The Little Seamstress, the daughter of a famous local tailor, the Little Seamstress is a rare beauty. She has has no formal education and cannot read, so Luo and the narrator read to her. She is pregnant by Luo, and subsequently gets an abortion. As the novel progresses, the Little Seamstress learns about the outside world by reading the foreign books with Luo's help. She eventually leaves the mountain and everything that she has known, to start a new life in the city.
The Village Headman, the leader of the village to which the narrator and Luo are sent for re-education, is a 50-year old "ex-opium farmer turned Communist cadre." One day, he blackmails Luo to fix his teeth in return for not sending the narrator to jail.
Four-Eyes, the son of a writer and a poet, must wear thick glasses to compensate for his nearsightedness. He possesses a suitcase full of forbidden "reactionary" Western novels that the Narrator and Luo covet, and eventually steal. He is referred to as a character who is accustomed to humiliation. He ends up leaving the mountain when his mother convinces the government to end his re-education early and gets Four-Eyes a job at a newspaper.
The Miller is an old man who lives alone and is a repository of local folk songs. The Miller narrates one part of the novel and provides songs to the boys, who then relate them to Four-Eyes. He is one of the characters who chooses not to be involved with the revolution.

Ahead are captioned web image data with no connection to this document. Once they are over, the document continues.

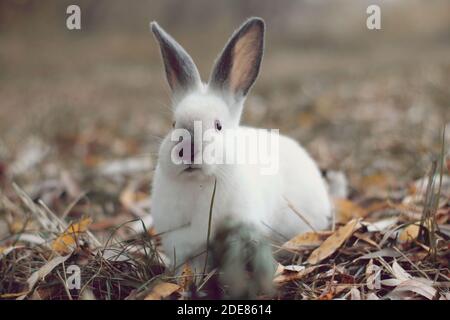 White rabbit with black ears on yellow leafs looking Stock Photo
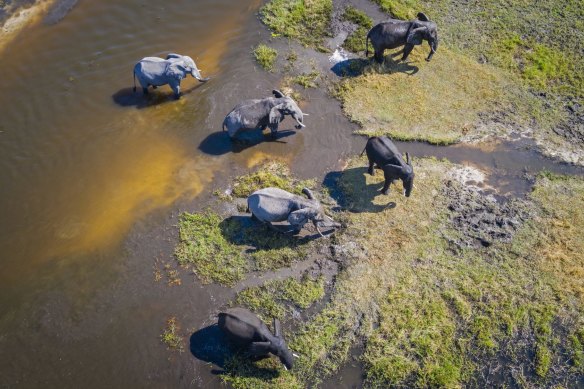 You can experience Botswana’s spectacular Okavango Delta in sustainable luxury.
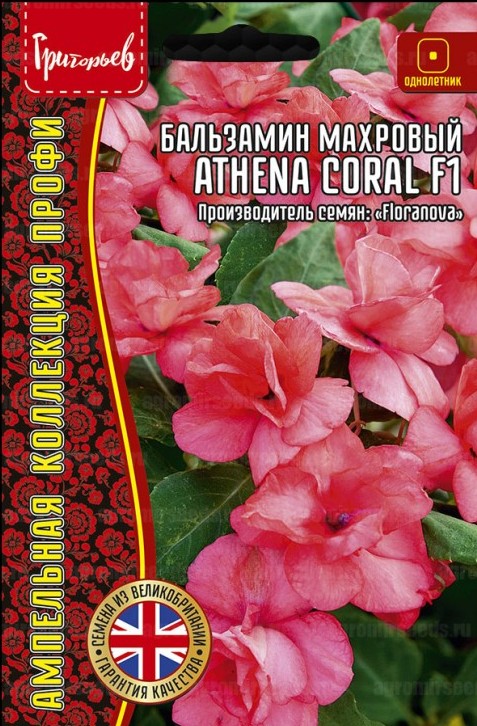 Бальзамин Уоллера Athena Coral F1 ампельный однолетник 4шт (Ред.Сем)
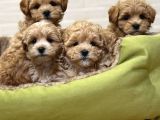 Sevimliliği Ile Kalpleri Fethedecek Maltipoo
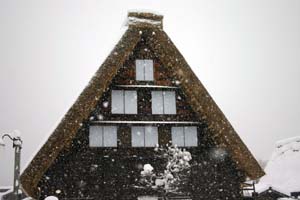 新しい茅葺き屋根に新雪が最高
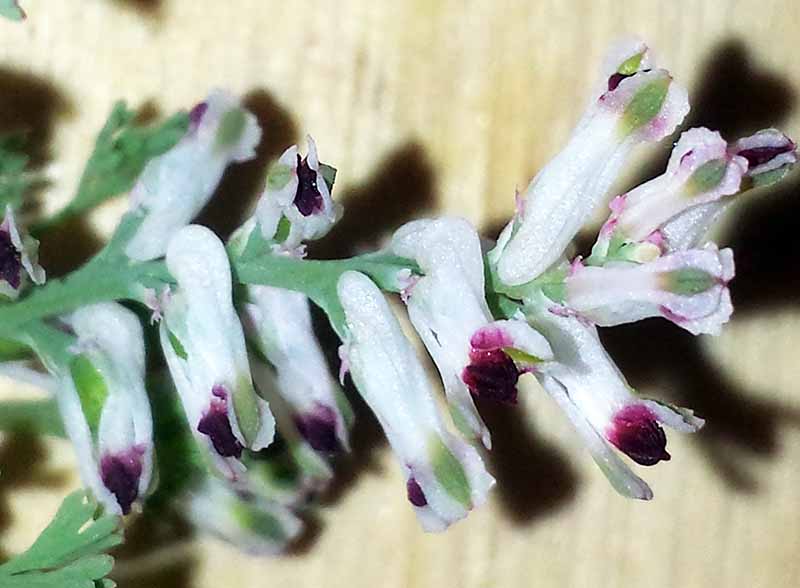 Fumaria parviflora #49927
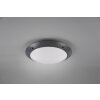 Reality CAMARO Outdoor Ceiling Light anthracite, 2-light sources
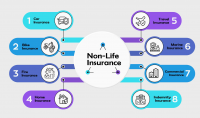 Life and Non-Life Insurance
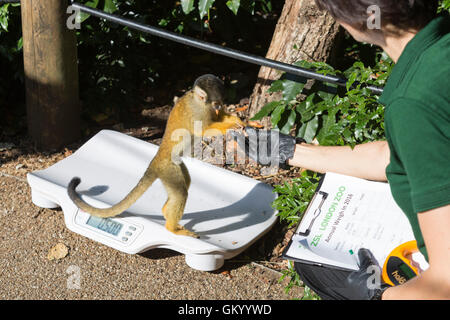 Londres, Royaume-Uni. 24 août 2016. Singe écureuil (Saimiri sciureus). L'enregistrement statistique de l'état d'animaux de zoo à l'assemblée annuelle à la pesée ZSL London Zoo. Banque D'Images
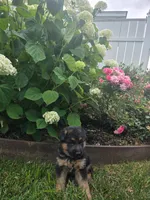 Bella, a female German Shepherd Dog for sale in Fort Wayne, IN – 1 of 2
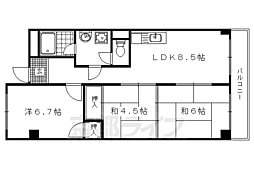 ハイツ桂　Ａ棟 4階3DKの間取り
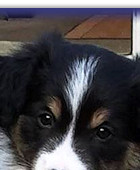 Twist at 7 Weeks Old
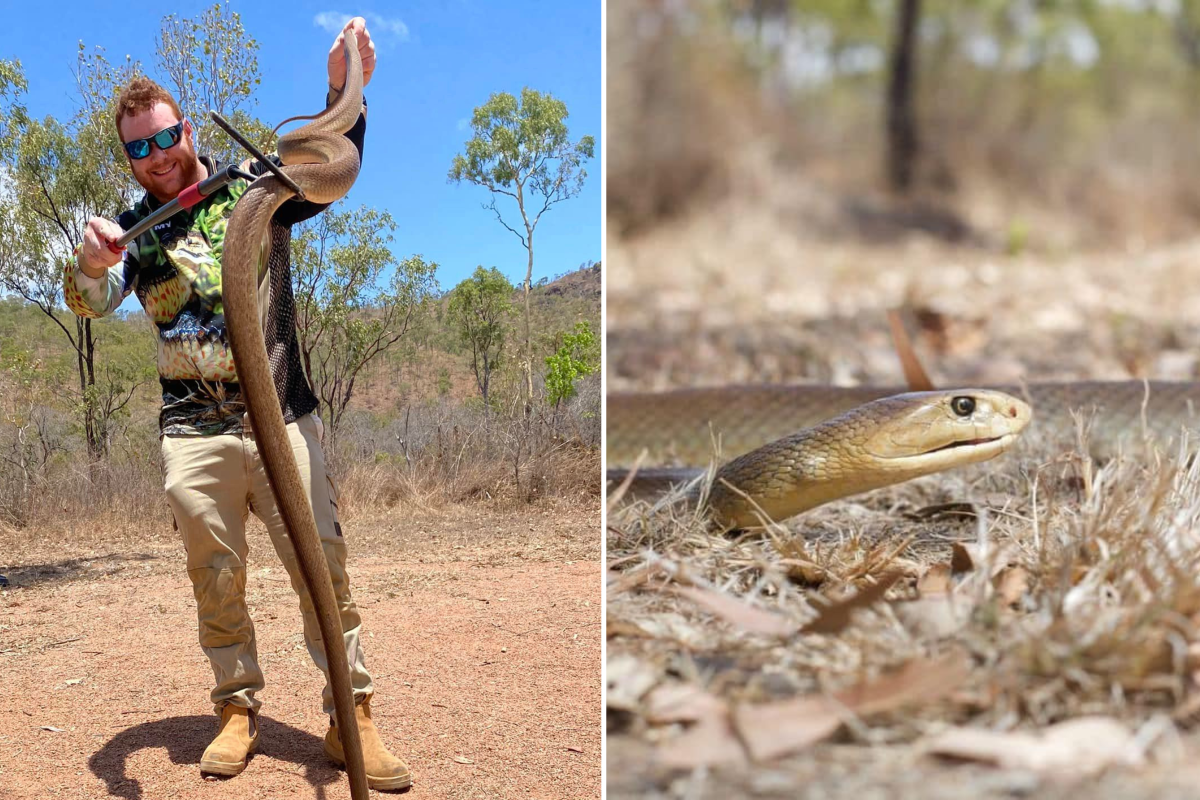 2308154-snake-caught-aus.png?w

The Tailor, the father of the Little Seamstress and the only tailor on the mountain, is a rich and popular man. He is old but energetic and widely travelled. At one point in the story, the narrator recounts The Count of Monte Cristo to him while he spends the night with the narrator and Luo. Through this experience, he gains a slight air of sophistication, and the story begins to influence the clothes that he makes.
The Gynaecologist, a man around forty, with "grizzled lanky hair [and] sharp features," performs the Little Seamstress' illegal abortion in return for a book by Balzac.